World AIDS Day will be next month on December 1, as usual. This year's theme is 'Universal Access and Human Rights.' Here're some good resources for helping to get the word out:
- AIDS.gov, World AIDS Day - December 1, 2009 has some great online and offline options for helping publicize and educate.
- The U.S. Department of Health and Human Services HIV/AIDS Awareness Days site shows that World AIDS Day is just one of several days selected to raise awareness of this illness.
- AVERT.org has some cute educational games you can play online to help test your own knowledge, as well as learn more.
- The World AIDS Campaign has some multilingual posters and postcards you can download and use.
One especially bright point was this excerpt, which announced the end of the unreasonable HIV/AIDS travel ban:
"Twenty-two years ago, in a decision rooted in fear rather than fact, the United States instituted a travel ban on entry into the country for people living with HIV/AIDS. Now, we talk about reducing the stigma of this disease -- yet we've treated a visitor living with it as a threat.

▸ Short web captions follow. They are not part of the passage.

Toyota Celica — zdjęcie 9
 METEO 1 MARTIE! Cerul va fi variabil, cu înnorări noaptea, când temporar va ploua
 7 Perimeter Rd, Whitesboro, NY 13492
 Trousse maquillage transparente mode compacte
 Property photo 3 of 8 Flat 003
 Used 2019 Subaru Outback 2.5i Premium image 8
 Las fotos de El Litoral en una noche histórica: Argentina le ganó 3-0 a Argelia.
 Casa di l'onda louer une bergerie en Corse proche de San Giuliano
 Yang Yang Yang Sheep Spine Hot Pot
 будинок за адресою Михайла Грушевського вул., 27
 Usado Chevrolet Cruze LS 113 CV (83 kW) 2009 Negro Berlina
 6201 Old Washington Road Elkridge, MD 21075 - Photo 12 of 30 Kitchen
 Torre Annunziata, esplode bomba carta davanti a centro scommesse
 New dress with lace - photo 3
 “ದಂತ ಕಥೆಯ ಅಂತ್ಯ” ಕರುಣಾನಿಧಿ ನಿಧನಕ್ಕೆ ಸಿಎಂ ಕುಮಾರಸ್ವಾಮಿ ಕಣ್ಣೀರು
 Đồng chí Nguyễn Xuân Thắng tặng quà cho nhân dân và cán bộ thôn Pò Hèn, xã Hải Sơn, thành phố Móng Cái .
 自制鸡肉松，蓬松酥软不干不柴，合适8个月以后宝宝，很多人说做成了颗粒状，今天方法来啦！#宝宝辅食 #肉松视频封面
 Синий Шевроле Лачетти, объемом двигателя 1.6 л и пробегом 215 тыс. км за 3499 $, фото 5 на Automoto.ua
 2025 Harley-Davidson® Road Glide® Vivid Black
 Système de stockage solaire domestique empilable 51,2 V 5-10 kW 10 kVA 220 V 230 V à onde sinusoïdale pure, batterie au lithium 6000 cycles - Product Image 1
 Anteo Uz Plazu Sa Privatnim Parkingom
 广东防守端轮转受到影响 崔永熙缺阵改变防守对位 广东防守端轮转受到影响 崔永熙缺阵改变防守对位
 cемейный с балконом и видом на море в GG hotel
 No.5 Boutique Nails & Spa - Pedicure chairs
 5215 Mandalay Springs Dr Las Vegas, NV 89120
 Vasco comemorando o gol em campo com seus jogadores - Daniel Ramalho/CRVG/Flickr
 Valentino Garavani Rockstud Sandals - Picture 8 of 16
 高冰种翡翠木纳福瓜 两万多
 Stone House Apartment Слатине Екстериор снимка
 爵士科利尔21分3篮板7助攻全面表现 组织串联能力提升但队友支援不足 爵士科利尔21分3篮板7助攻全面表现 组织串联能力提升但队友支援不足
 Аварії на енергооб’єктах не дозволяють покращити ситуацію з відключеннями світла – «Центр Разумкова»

We lead the world when it comes to helping stem the AIDS pandemic -- yet we are one of only a dozen countries that still bar people from HIV from entering our own country. If we want to be the global leader in combating HIV/AIDS, we need to act like it.
And that's why, on Monday my administration will publish a final rule that eliminates the travel ban effective just after the New Year. Congress and President Bush began this process last year, and they ought to be commended for it. We are finishing the job. It's a step that will encourage people to get tested and get treatment, it's a step that will keep families together, and it's a step that will save lives."
Finally, just last week French researchers published the successful findings of a revolutionary gene therapy that used a disable version of HIV to treat a fatal brain disease. This development is amazingly exciting(/scary!), and a great example of making lemonade from the ultimate lemons.
There's still a ways to go in removing the stigma from HIV/AIDS and developing treatments, but by spreading information and raising awareness, we all contribute to an eventual cure.
(And we still encourage you to get a Red Ribbon specialty license plate to help raise awareness and support the Alliance of AIDS Services-Carolinas.)